I. El factor principal, luego de coincidir en una necesidad, es que cualquier convergencia supone renunciamientos que ninguno quiere hacer. En ese punto, entre los candidatos K se fulminan silenciosamente sobre "ope-raciones mediáticas", "en-

cuestas dibujadas" o, en un menú amplio de ninguneos, promoción en contra de un tercero. En esa sopa, brota la idea -animada por al menos tres candidatos- de una especie de "selección natural", algo así como un darwinismo en que queden en pie los candidatos más aptos. Cada anotado, claro, expone argumentos para dar a entender que es el más apto y dibuja un escenario donde los demás terminan, oportunamente, en otros destinos.
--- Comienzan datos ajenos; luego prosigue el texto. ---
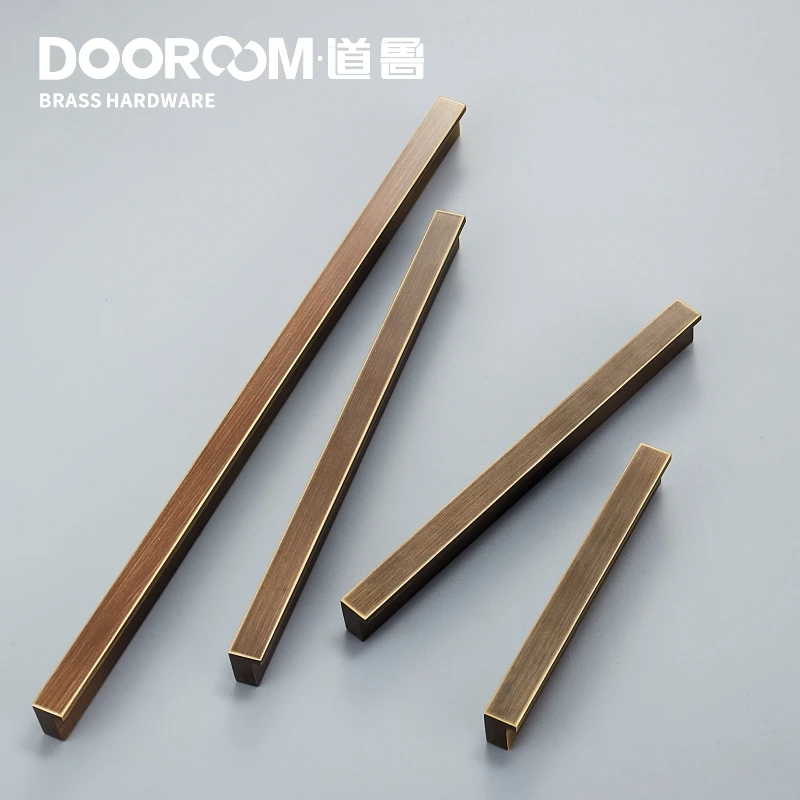 Dooroom Zoe латунные мебельные ручки длинные современные матовые шкаф комод шкаф двери Ящики ручки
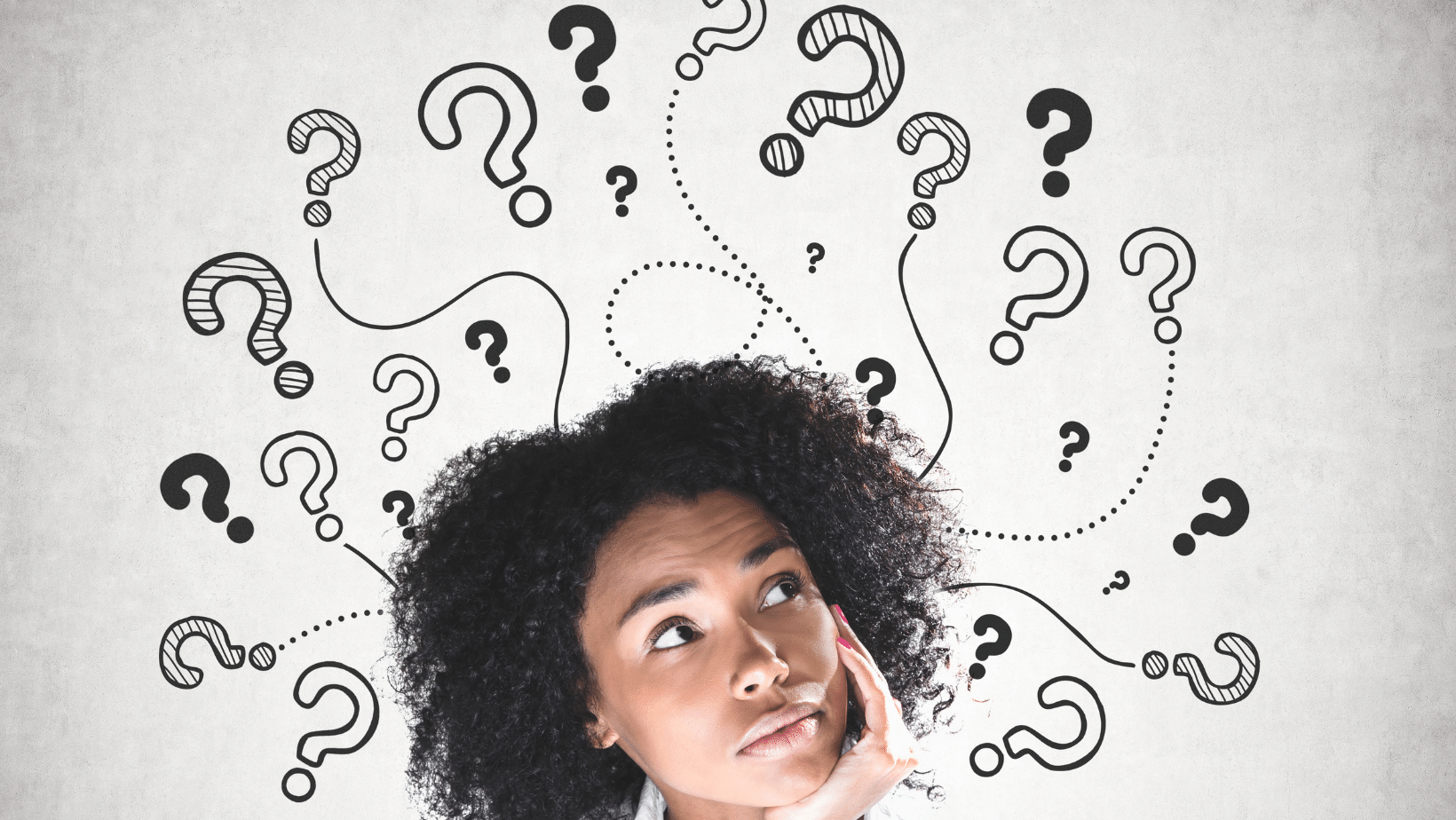 Ascend Adwerks' image of a woman with question marks above her head.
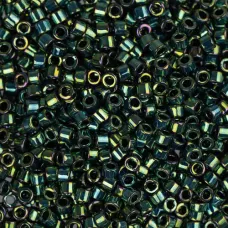 DB0027 Teal Metallic Luster, Size 11/0 Miyuki Delica Beads, 50gm bag DB0027 Teal Metallic Luster, Size 11/0 Miyuki Delica Beads, 50gm bag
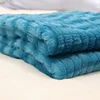 Double plush super soft fur polar PV polyester throw puffy knitted baby blanket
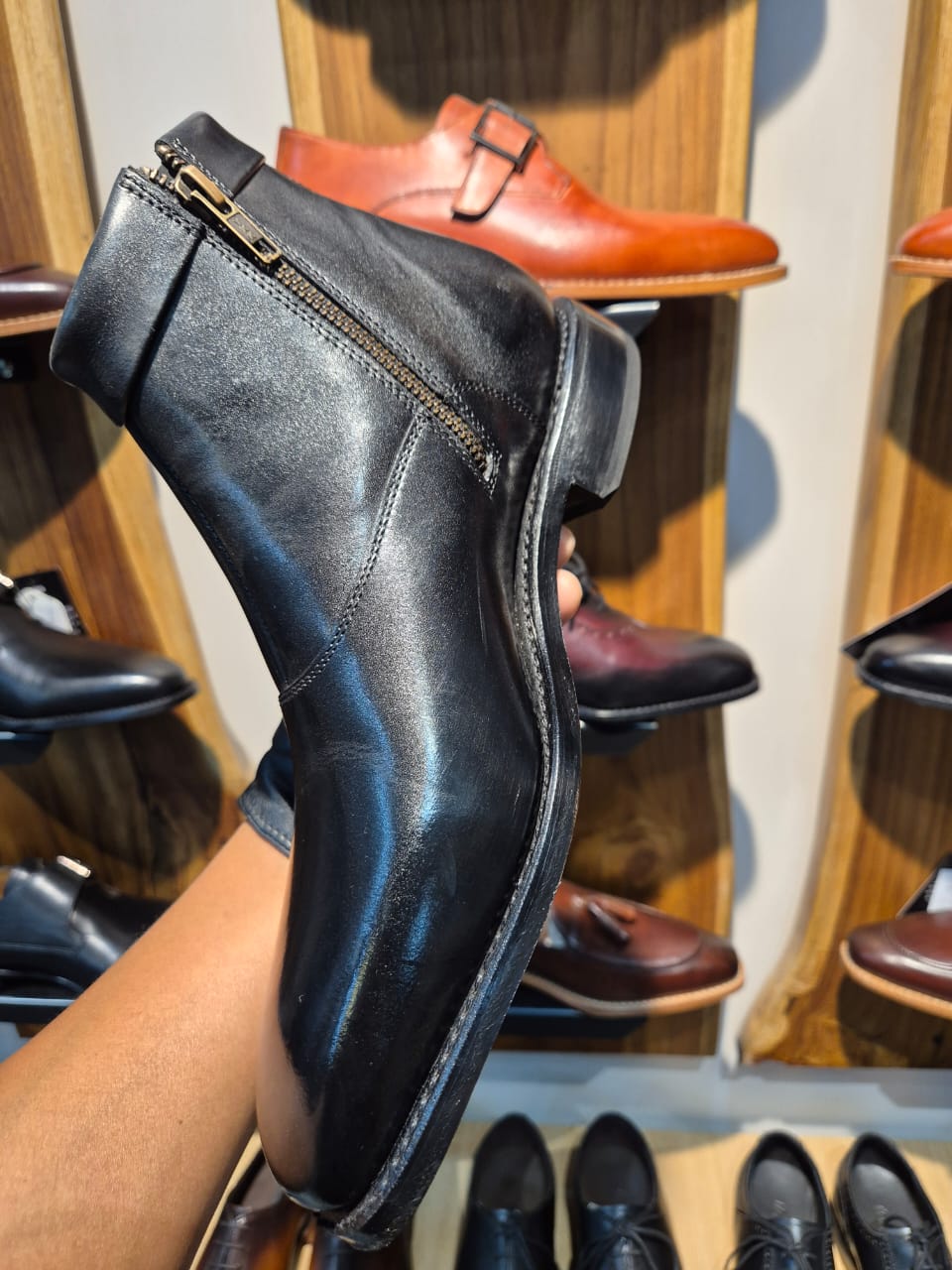 Limited-Edition SOVRANO Goodyear Welted Folded-Cuff Zipper Chelsea Boot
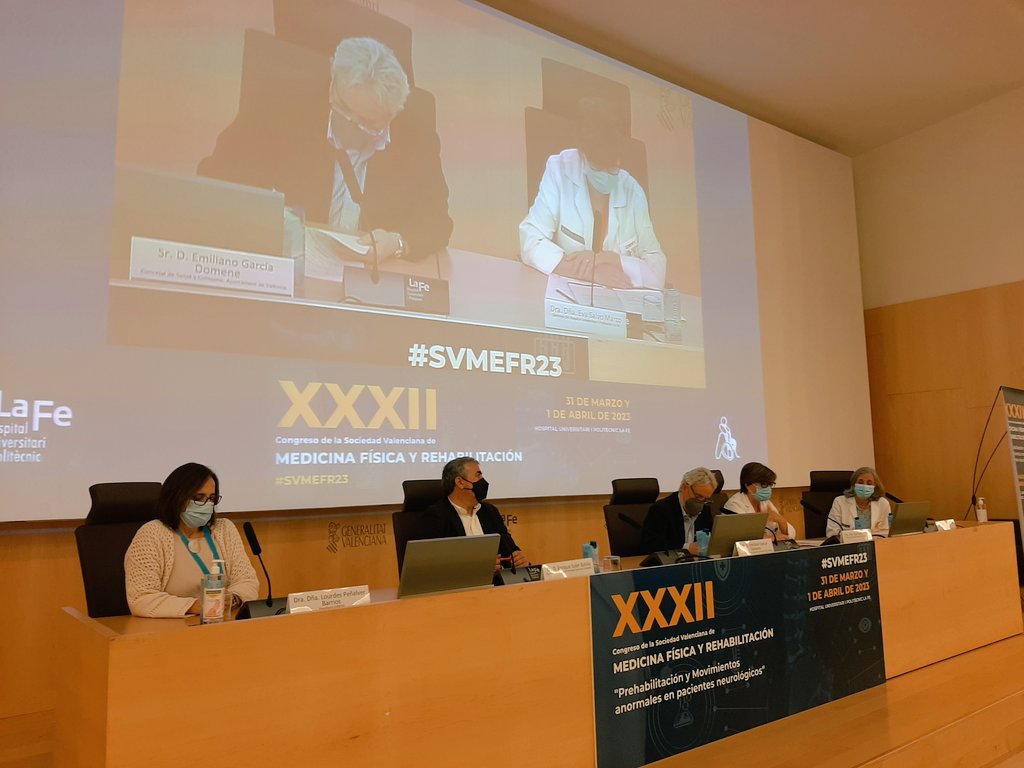 🏥 Hoy comienza el XXXII congreso de la <a href="/svmefr/">SVMEFR</a> #SVMEFR23 una especialidad la medicina física y rehabilitación que trabaja coordinadamente con todos los servicios clínicos de nuestro hospital.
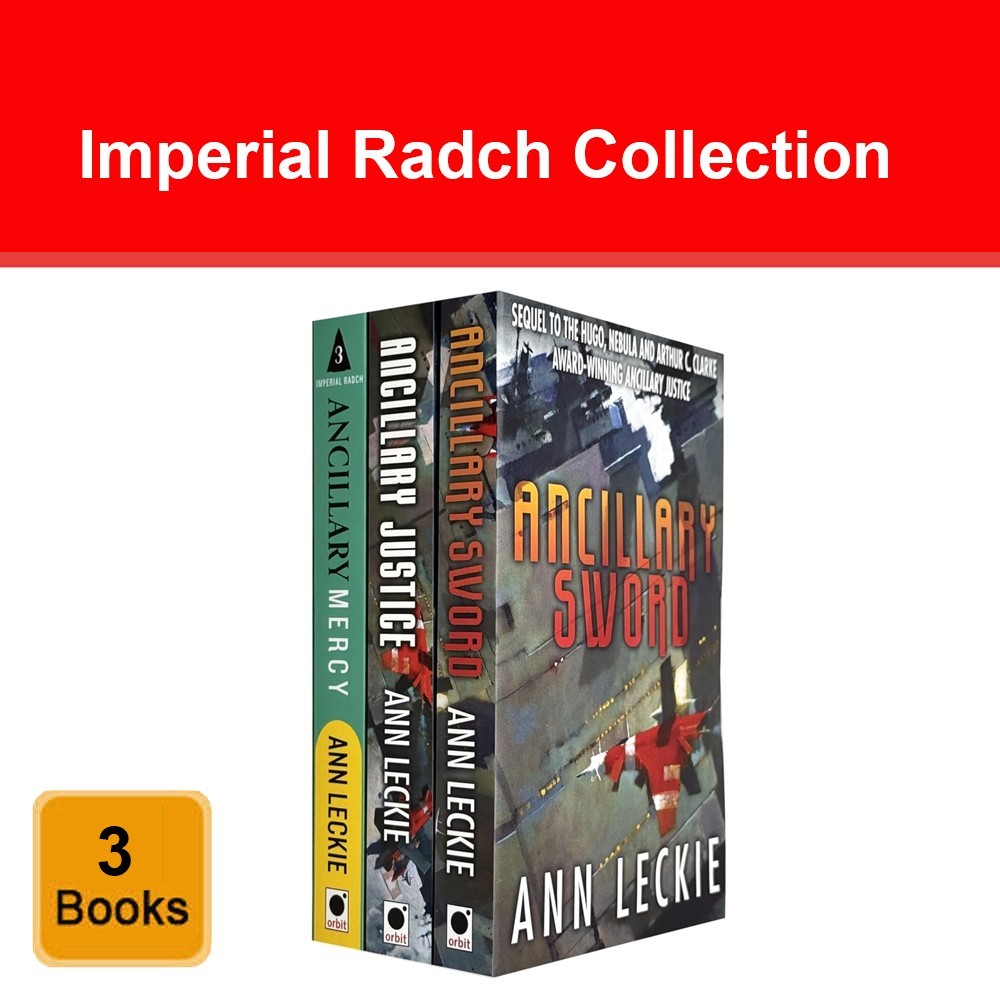 Imperial Radch Series 3 Books Collection Set by Ann Leckie NEW book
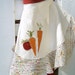 Carrot and Tomato Polka dot Vegetable Spring Garden Apron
Subyace, en paralelo, un planteo referido a que un candidato K, ultra-K, tiene posibilidad de vencer a Scioli en las PASO, expectativa que tiene como primer punto una primaria de sólo dos competidores dentro del universo del peronismo K.

II.
En paralelo, se invoca un factor táctico referido a la oportunidad. "Es saludable que tengamos muchos candidatos así hay muchas opciones y evitamos que se ensañen con uno en particular", interpretó un dirigente K. Remite a un antiguo razonamiento según el cual, cuando Amado Boudou alumbró como posible sucesor, quedó expuesto y se convirtió en un blanco móvil. "Si ahora tenemos un solo candidato, lo van a salir a matar", amplió la interpretación kirchnerista. Contraría un enfoque que plantea que antes de fin de año, de a poco, se va a ir produciendo la sangría de postulantes, una especie de quality en la que van a quedar fuera de carrera un par de anotados.

III. El factor, quizá principal, es el que involucra a Cristina de Kirchner, a quien todos los candidatos y actores reconocen como la jefa y conductora del espacio K y, por tanto, quien va a determinar los tiempos en que se producirá el desmalezamiento. Es difícil imaginar que un puñado de dirigentes se siente a sellar un acuerdo y se reparta candidaturas futuras que sólo puede validar, al menos por ahora, la Presidente. Vale una regla general para los que aceptan estar dentro de ese espacio: ni Scioli tiene "poder" para ofrecer la vice a un gobernador ni cuatro candidatos pueden ofrecerle a un quinto, que se baje de la presidencial para ir, por caso, primero en una lista de diputados nacionales.